Hewlett-Packard introduced the x86-based NetServer line of servers and workstations in May 1993, with the LE series and LM series. The NetServer LE low-cost option, sporting a minitower case. The cheapest model in the LE range features a 33-MHz i486SX chip, 4 MB of memory, and no built-in hard disk drives (a Fast SCSI controller card was preinstalled, however, for aftermarket hard drive installation; up to four hard drives can be installed internally, with a RAID controller optional). More higher-end models in the LE range feature i486 and DX2 processors clocked at 33 MHz and 66 MHz, respectively. The NetServer LM series, meanwhile, sported cases twice as wide (the so-called deskside form factor) in order to accommodate up to eight hard drives in a RAID 0, RAID 1, or RAID 5 array. These LM-series NetServers featured either a 33-MHz i486, a 66-MHz DX2, or single or dual Pentium processors. The entire NetServer line initially competed with HP's own RISC-based 9000 line of workstations as well as Compaq's ProLiant line of servers that were introduced around the same time, of which HP would ultimately acquire later on in 2002. The LE-series models were released to market on May 17, 1993; the LM-series models were scheduled to ship later in July.

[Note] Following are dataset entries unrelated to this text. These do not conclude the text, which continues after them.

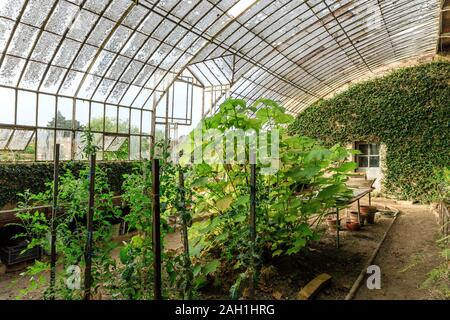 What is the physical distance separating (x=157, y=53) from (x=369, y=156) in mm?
9669

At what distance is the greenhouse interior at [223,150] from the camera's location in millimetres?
2682

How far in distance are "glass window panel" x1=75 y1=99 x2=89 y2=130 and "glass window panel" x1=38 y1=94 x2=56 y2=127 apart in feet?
1.93

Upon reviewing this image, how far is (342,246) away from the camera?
5.22 meters

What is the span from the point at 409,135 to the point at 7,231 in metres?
13.2

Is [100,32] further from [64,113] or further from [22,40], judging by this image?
[64,113]

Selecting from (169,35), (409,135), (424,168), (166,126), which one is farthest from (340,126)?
(169,35)

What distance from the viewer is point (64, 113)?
26.7 feet

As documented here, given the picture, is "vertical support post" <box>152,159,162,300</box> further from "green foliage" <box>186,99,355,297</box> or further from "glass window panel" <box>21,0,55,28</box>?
"glass window panel" <box>21,0,55,28</box>

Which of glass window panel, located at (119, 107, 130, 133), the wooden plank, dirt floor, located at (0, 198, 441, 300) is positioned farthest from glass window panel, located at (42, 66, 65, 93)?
the wooden plank

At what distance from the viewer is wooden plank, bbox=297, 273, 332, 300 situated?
10.6ft

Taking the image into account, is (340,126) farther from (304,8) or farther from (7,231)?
(7,231)

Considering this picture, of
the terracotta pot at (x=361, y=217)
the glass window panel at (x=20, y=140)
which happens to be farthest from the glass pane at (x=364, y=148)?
the glass window panel at (x=20, y=140)

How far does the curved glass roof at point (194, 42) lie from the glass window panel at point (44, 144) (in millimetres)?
1059

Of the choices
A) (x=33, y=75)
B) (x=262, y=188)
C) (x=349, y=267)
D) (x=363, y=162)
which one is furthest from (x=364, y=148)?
(x=33, y=75) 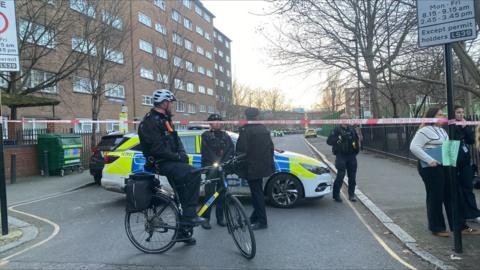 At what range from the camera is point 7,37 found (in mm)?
6273

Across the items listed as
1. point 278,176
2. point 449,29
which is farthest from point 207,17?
point 449,29

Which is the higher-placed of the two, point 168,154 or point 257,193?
point 168,154

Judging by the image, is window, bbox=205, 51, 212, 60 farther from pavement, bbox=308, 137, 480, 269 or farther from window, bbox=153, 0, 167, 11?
pavement, bbox=308, 137, 480, 269

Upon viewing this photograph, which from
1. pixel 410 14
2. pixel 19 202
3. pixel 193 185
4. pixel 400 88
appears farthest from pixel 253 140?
pixel 400 88

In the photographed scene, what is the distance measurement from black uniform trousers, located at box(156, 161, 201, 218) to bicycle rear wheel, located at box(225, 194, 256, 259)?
1.37 ft

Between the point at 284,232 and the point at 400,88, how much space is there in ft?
58.2

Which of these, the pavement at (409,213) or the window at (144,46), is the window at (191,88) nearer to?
the window at (144,46)

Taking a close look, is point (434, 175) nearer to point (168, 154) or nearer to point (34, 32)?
point (168, 154)

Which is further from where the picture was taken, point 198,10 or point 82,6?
point 198,10

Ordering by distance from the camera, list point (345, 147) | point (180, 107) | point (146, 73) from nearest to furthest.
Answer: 1. point (345, 147)
2. point (146, 73)
3. point (180, 107)

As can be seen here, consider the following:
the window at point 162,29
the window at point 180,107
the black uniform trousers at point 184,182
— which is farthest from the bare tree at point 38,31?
the window at point 180,107

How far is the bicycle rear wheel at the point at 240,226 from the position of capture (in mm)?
4660

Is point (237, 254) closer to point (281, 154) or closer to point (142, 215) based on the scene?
point (142, 215)

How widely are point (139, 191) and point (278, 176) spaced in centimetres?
339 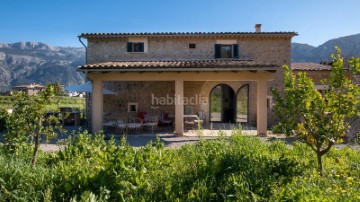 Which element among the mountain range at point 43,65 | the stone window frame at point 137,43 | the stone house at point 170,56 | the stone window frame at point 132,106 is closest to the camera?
the stone house at point 170,56

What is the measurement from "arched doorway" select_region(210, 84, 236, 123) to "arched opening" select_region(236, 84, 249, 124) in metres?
0.30

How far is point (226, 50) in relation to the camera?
51.4ft

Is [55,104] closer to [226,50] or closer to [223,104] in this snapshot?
[226,50]

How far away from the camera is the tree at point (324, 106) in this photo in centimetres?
488

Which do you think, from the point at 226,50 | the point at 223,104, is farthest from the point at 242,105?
the point at 226,50

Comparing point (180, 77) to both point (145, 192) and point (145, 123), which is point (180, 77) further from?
point (145, 192)

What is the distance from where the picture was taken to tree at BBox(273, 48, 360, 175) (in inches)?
192

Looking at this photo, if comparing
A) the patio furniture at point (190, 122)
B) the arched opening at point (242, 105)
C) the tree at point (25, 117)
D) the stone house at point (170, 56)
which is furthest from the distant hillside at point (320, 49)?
the tree at point (25, 117)

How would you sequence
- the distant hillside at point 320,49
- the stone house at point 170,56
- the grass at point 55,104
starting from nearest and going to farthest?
the grass at point 55,104 < the stone house at point 170,56 < the distant hillside at point 320,49

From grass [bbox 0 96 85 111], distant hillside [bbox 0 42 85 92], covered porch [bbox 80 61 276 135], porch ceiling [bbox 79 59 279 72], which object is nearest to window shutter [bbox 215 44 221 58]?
covered porch [bbox 80 61 276 135]

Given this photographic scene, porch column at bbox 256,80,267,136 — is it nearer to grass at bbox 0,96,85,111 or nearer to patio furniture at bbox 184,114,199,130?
patio furniture at bbox 184,114,199,130

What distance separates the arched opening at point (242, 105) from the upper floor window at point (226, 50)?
7.39ft

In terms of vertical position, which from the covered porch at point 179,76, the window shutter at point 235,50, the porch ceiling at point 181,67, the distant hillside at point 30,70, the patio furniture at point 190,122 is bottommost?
the patio furniture at point 190,122

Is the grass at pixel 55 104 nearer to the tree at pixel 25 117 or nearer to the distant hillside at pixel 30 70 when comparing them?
the tree at pixel 25 117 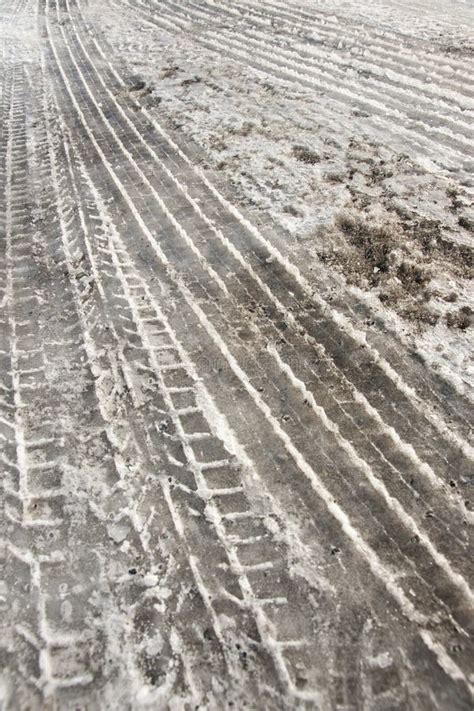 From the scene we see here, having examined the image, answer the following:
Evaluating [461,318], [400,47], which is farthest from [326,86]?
[461,318]

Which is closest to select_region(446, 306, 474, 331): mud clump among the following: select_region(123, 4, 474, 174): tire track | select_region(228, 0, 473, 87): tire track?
select_region(123, 4, 474, 174): tire track

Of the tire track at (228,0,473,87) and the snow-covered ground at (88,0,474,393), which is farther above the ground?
the tire track at (228,0,473,87)

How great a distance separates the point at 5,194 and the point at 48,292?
7.35 ft

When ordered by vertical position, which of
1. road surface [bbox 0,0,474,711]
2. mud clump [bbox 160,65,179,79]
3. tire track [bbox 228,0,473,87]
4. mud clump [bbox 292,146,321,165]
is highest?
tire track [bbox 228,0,473,87]

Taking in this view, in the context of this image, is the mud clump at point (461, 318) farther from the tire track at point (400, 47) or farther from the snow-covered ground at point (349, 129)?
the tire track at point (400, 47)

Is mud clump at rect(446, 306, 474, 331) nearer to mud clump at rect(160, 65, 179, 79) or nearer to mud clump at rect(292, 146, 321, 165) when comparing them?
mud clump at rect(292, 146, 321, 165)

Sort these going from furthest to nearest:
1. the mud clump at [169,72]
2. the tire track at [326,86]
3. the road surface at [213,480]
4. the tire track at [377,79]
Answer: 1. the mud clump at [169,72]
2. the tire track at [377,79]
3. the tire track at [326,86]
4. the road surface at [213,480]

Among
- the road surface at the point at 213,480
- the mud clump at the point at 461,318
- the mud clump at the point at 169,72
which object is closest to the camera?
the road surface at the point at 213,480

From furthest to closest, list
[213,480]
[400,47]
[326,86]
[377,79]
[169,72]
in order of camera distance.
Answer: [400,47], [169,72], [377,79], [326,86], [213,480]

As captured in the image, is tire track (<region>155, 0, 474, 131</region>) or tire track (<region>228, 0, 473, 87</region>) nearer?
tire track (<region>155, 0, 474, 131</region>)

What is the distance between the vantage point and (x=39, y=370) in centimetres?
380

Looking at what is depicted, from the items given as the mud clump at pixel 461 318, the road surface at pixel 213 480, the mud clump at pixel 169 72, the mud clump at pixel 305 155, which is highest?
the mud clump at pixel 169 72

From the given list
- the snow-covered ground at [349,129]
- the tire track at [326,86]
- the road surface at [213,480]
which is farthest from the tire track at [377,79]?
the road surface at [213,480]

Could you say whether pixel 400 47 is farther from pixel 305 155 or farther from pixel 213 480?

Later entries in the NetServer line featured single or dual Pentium II and Pentium III processors.

HP acquired Compaq in 2002, which accounted for HP borrowing numerous different product lines from the previously independent company. With this, HP discontinued the NetServer line that same year, replacing it with the ProLiant line of servers that were originally introduced by Compaq back in 1993 as a competitor to the NetServer at that time.